Hi all. I’m just starting with Hugo and trying to build a site with it. There will be two sections: blog and projects. Right now my content folder looks like this

content/
├─ blog/
│   ├─ post_1
│   │   ├─ picture1-1.png
|   |   └─ index.md
│   ├─ post_2
│   │   ├─ picture2-1.png
|   |   └─ index.md
│   ├─ post_3
|   |   └─ index.md
|   └── index.md
└─ projects/
    ├─ project_1/
    │   ├── picture1-1.png
    |   └── index.md
    ├── project_2/
    |   └── index.md
    ├── project_3/
    │   ├── picture3-1.png
    │   ├── picture3-2.png
    |   └── index.md
    └── _index.md

Each project lives in its own sub-directory/page bundle with the projects section being a page bundle as well.

But with blog I’m afraid my current layout is not optimal. The problem is that number of posts is quite hight (~500 post) and will be increasing in the future. Having all posts in a single directory seems not a best solution because it is difficult to navigate, update and maintain such amount of entries. I’m thinking about splitting posts in sub-folders by year. But don’t know what is the best way to achieve it. Should I make each year folder a page bundle or there is a better way to do it? I do not want to include that year sub-folder in the resulting page URL string, as each blog post will have a date in the URL anyway.
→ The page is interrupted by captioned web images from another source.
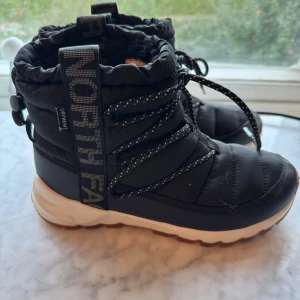Svarta vinterboots från The North Face - Säljer ett par svarta vinterboots från The North Face i storlek 38. Boots med snörning, tjock vit sula och fuskpälsfoder. Yttermaterial i syntet och textil, med stora logoband på sidan och reflexdetaljer på snörena. Perfekta vinterskor! Knappt använda 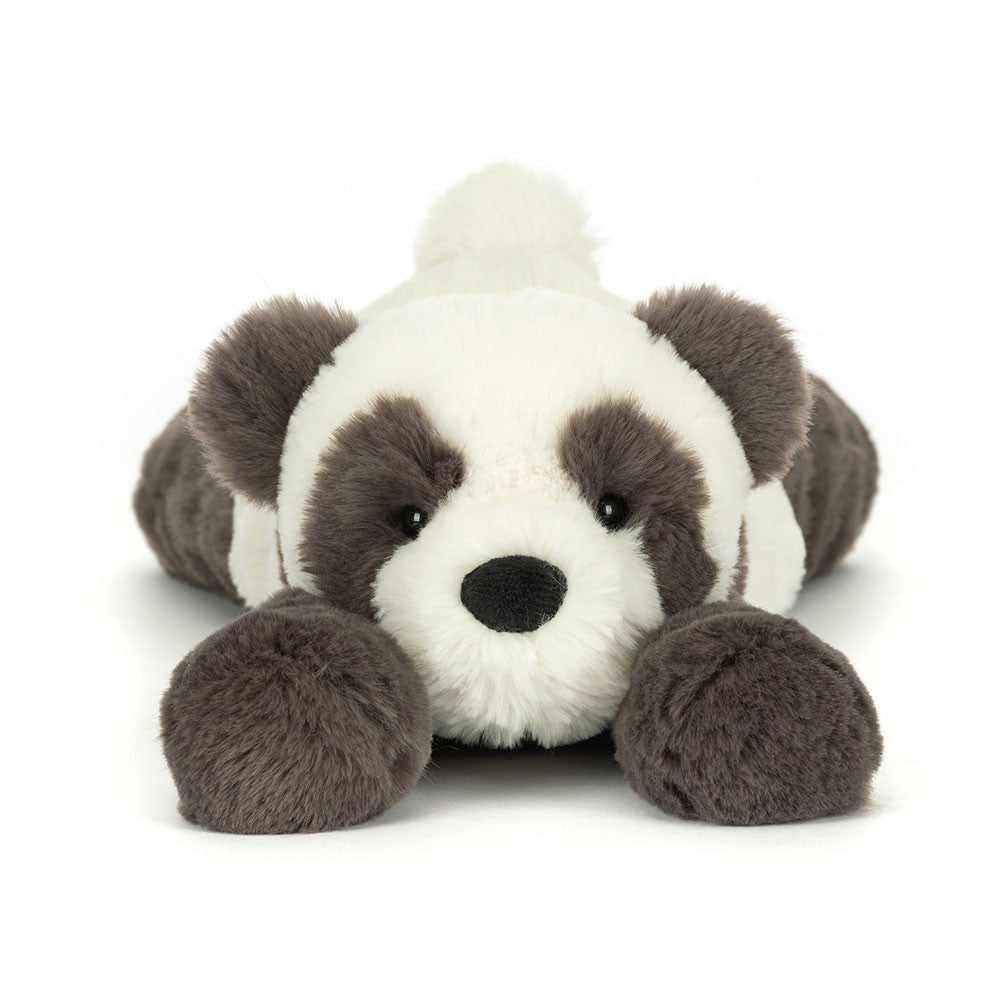 Plush toy panda lying on a white background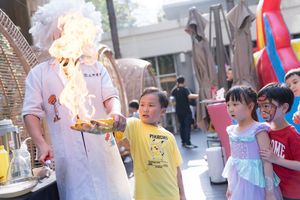 A science demonstration with fire captivates a group of excited children at an outdoor educational event.在戶外教育活動中，一場與火有關的科學演示吸引了一群興奮的孩子們的目光。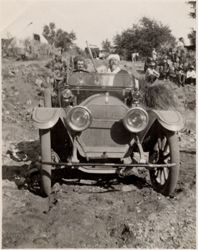 William F. Cody dressed as Santa Claus and riding in an open automobile near Oracle, Arizona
Sorry if my explanations are not very clear.

content structure

content/
├── blog/
│   ├── 2022/             <-- no _index.md in this directory!
│   │   ├── post-1/
│   │   │   ├── a.jpg
│   │   │   └── index.md
│   │   └── post-2/
│   │       ├── b.jpg
│   │       └── index.md
│   ├── 2023/             <-- no _index.md in this directory!
│   │   ├── post-3/
│   │   │   ├── c.jpg
│   │   │   └── index.md
│   │   └── post-4/
│   │       ├── d.jpg
│   │       └── index.md
│   └── _index.md
└── _index.md

site configuration

[permalinks]
blog = '/:section/:slug'

rendered

public/
├── blog/
│   ├── post-1/
│   │   ├── a.jpg
│   │   └── index.html
│   ├── post-2/
│   │   ├── b.jpg
│   │   └── index.html
│   ├── post-3/
│   │   ├── c.jpg
│   │   └── index.html
│   ├── post-4/
│   │   ├── d.jpg
│   │   └── index.html
│   └── index.html
└── index.html

You can also use date tokens in the permalink configuration. That way you don’t have to include the date in the filename or slug.

1 Like

Thanks a lot, @jmooring! This is very helpful and seems I still need to learn more about page bundles.

And thanks for the hint about date tokens!